Supplied records.

--------------------

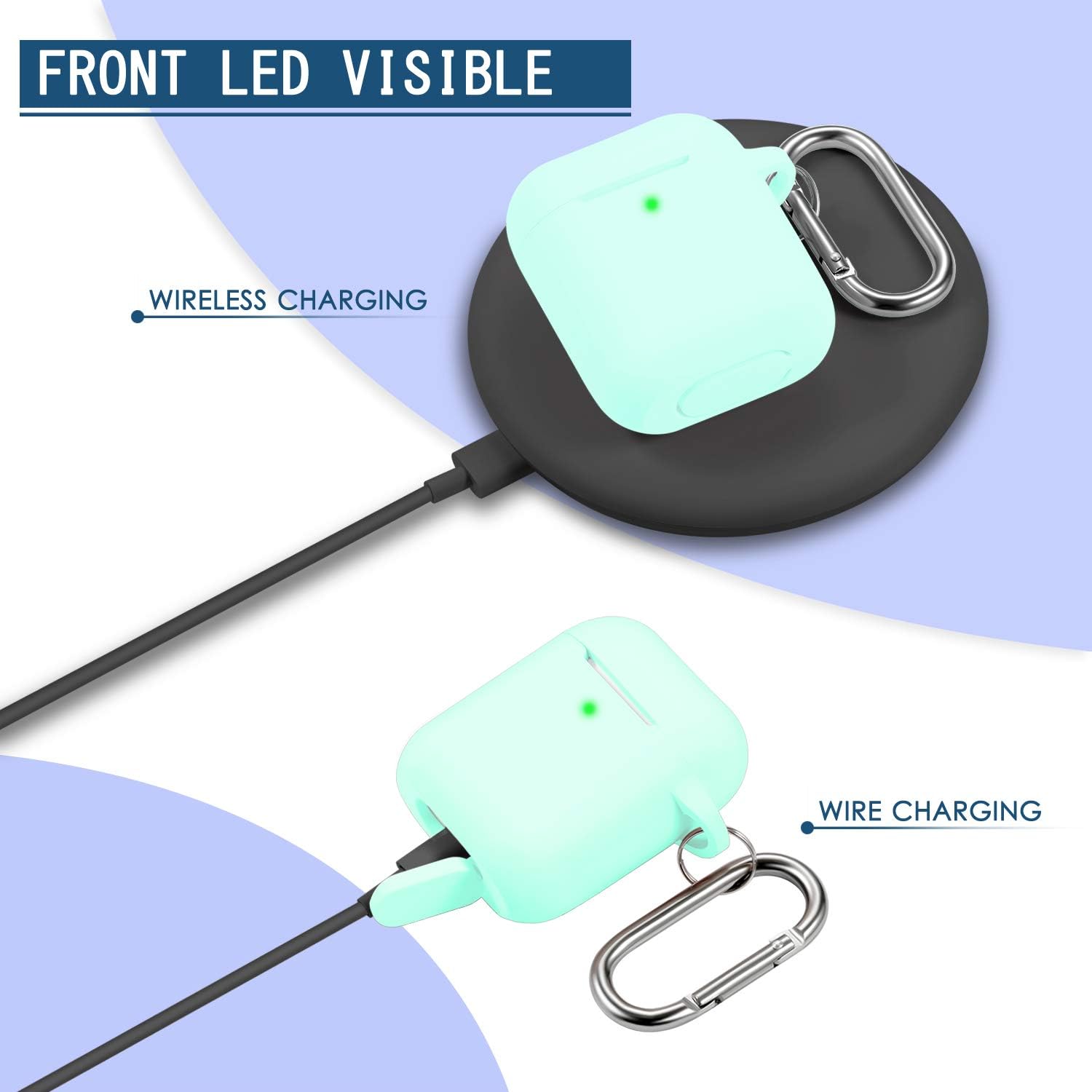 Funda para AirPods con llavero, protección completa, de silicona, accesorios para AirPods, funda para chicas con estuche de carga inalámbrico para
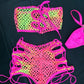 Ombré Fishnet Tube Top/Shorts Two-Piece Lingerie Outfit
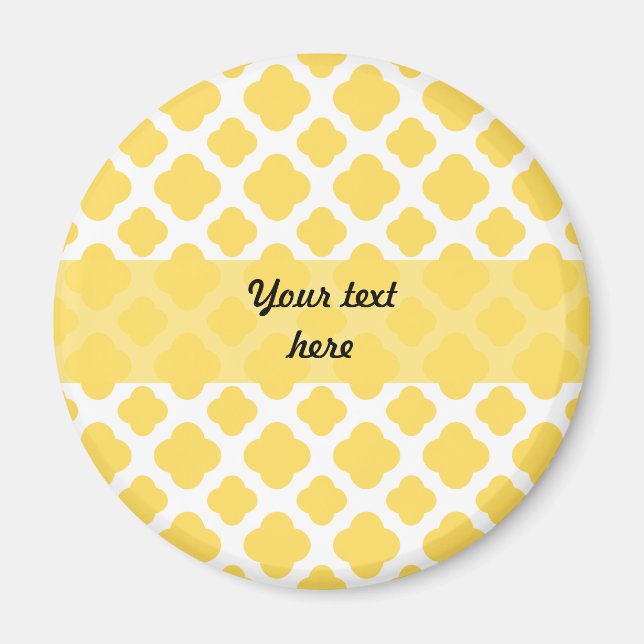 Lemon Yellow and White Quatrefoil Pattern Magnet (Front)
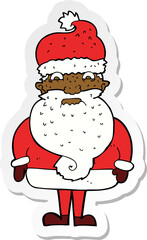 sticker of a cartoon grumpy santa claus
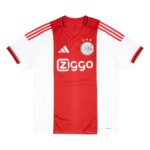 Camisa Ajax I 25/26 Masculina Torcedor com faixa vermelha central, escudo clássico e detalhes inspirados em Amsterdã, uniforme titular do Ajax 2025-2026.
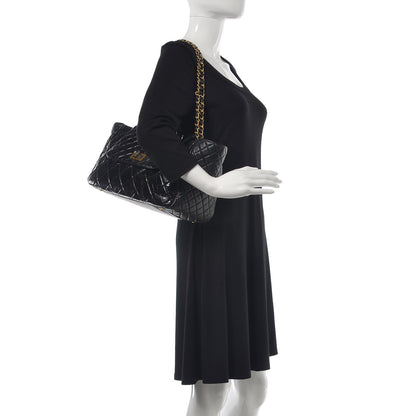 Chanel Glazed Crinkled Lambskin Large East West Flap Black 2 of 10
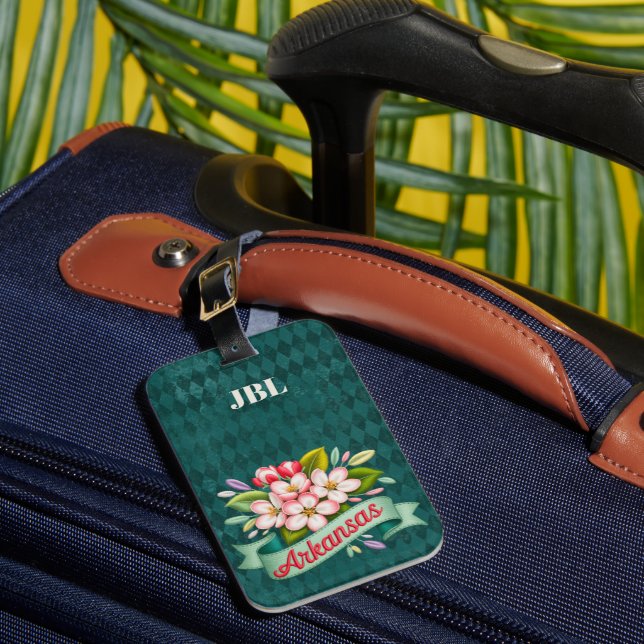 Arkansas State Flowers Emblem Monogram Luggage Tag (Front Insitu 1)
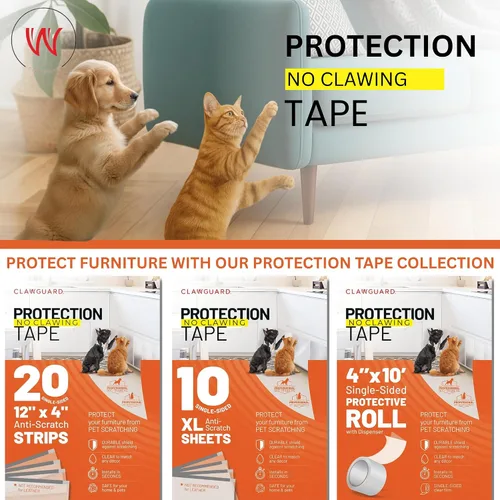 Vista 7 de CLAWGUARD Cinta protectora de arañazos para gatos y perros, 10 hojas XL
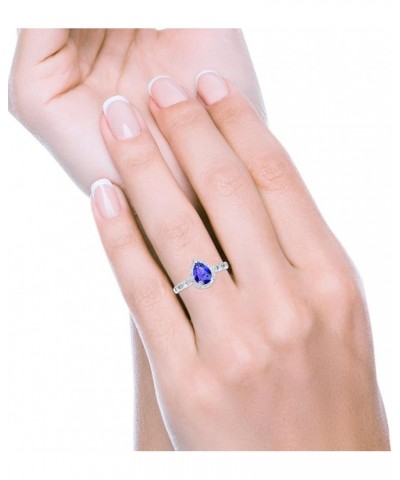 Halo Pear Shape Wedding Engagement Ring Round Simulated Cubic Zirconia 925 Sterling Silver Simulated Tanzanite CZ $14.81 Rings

--------------------

Work to be completed. The answer must be an exact restatement of all the records, with no pictures included.

Solved problem.
 Funda para AirPods con llavero, protección completa, de silicona, accesorios para AirPods, funda para chicas con estuche de carga inalámbrico para
 Ombré Fishnet Tube Top/Shorts Two-Piece Lingerie Outfit
 Lemon Yellow and White Quatrefoil Pattern Magnet (Front)
 sticker of a cartoon grumpy santa claus
 Camisa Ajax I 25/26 Masculina Torcedor com faixa vermelha central, escudo clássico e detalhes inspirados em Amsterdã, uniforme titular do Ajax 2025-2026.
 Chanel Glazed Crinkled Lambskin Large East West Flap Black 2 of 10
 Arkansas State Flowers Emblem Monogram Luggage Tag (Front Insitu 1)
 Vista 7 de CLAWGUARD Cinta protectora de arañazos para gatos y perros, 10 hojas XL
 Halo Pear Shape Wedding Engagement Ring Round Simulated Cubic Zirconia 925 Sterling Silver Simulated Tanzanite CZ $14.81 Rings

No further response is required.